### Work to be completed
Exactly as written, return all the data, leaving its pictures behind.

### Data
=-=-=
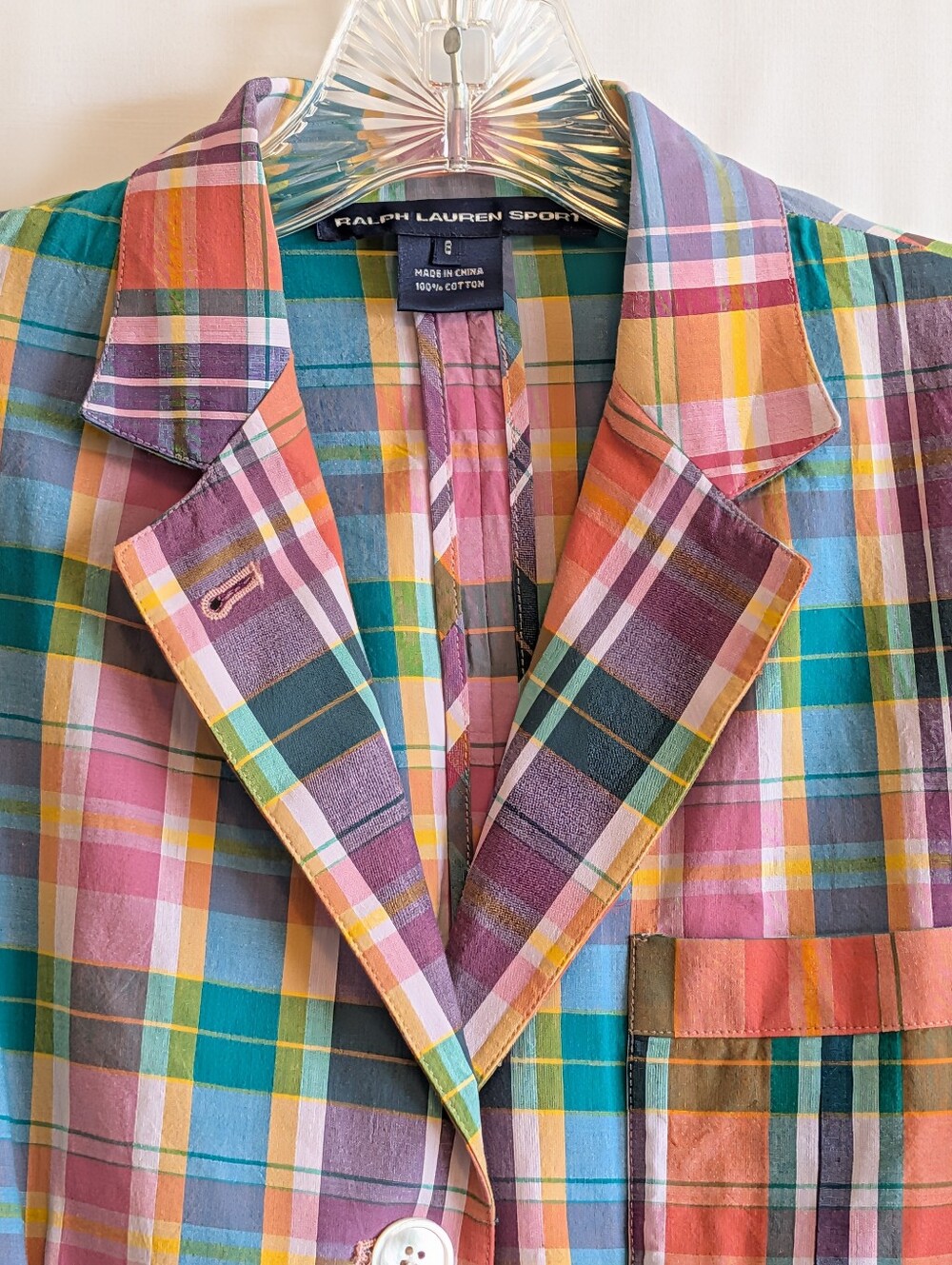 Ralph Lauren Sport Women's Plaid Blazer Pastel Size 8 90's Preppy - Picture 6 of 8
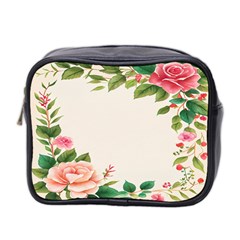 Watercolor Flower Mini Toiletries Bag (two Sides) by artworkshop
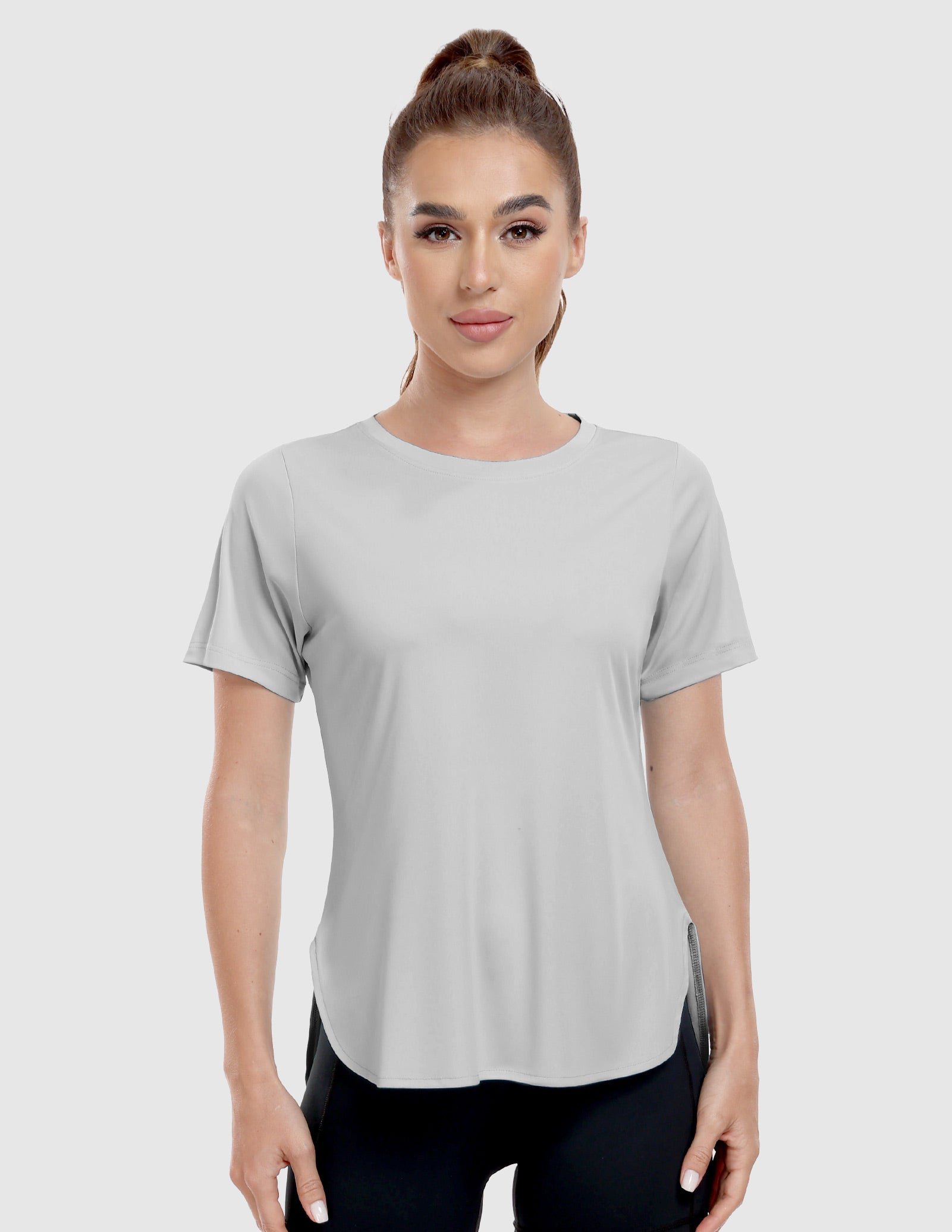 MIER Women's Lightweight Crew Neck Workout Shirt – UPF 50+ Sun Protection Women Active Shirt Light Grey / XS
=-=-=
### Reply to the exercise
 Ralph Lauren Sport Women's Plaid Blazer Pastel Size 8 90's Preppy - Picture 6 of 8
 Watercolor Flower Mini Toiletries Bag (two Sides) by artworkshop
 MIER Women's Lightweight Crew Neck Workout Shirt – UPF 50+ Sun Protection Women Active Shirt Light Grey / XS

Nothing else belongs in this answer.